▶ About this task
Although the data below contains pictures, output only the lines between those holding "Capa Capinha De" and "- الشارقة شقة", inclusive, exactly and without those pictures.

▶ Source material
== Segment start ==

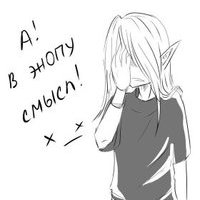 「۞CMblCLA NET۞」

== Segment end ==
== Segment start ==

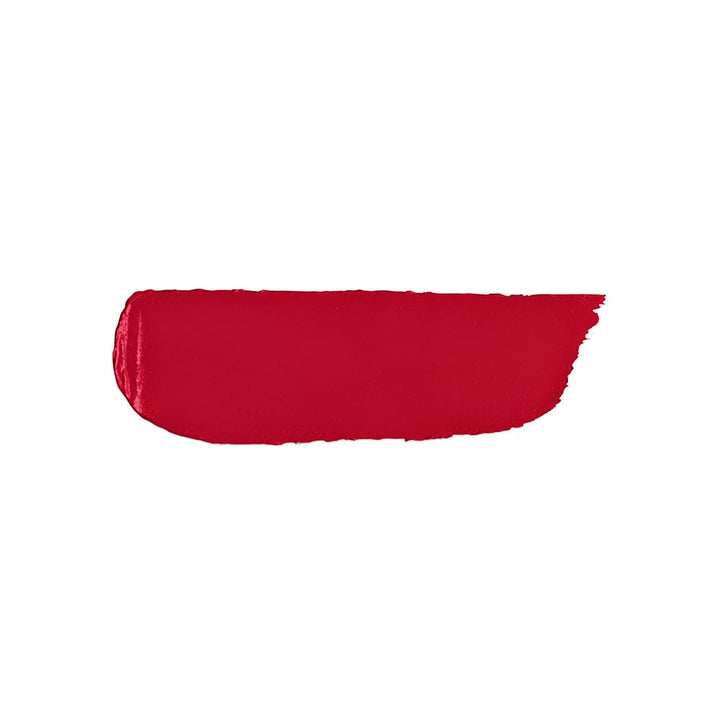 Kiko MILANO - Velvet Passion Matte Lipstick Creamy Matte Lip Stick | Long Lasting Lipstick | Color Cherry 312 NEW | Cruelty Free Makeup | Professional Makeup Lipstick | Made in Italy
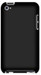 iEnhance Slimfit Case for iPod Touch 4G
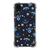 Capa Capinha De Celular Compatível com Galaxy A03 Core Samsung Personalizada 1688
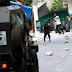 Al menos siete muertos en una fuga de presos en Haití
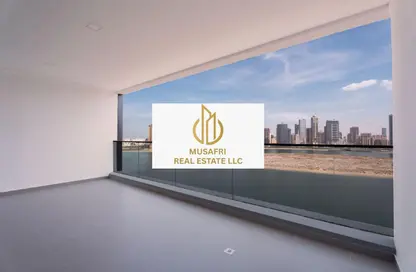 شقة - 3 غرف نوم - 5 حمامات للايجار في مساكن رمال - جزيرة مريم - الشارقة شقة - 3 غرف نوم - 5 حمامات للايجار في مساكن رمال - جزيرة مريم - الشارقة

== Segment end ==
== Segment start ==

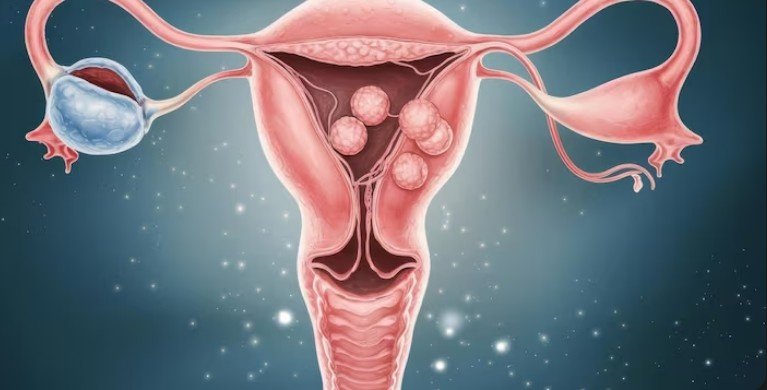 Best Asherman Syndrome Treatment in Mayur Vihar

== Segment end ==

▶ Result
 Capa Capinha De Celular Compatível com Galaxy A03 Core Samsung Personalizada 1688
 Al menos siete muertos en una fuga de presos en Haití
 شقة - 3 غرف نوم - 5 حمامات للايجار في مساكن رمال - جزيرة مريم - الشارقة شقة - 3 غرف نوم - 5 حمامات للايجار في مساكن رمال - جزيرة مريم - الشارقة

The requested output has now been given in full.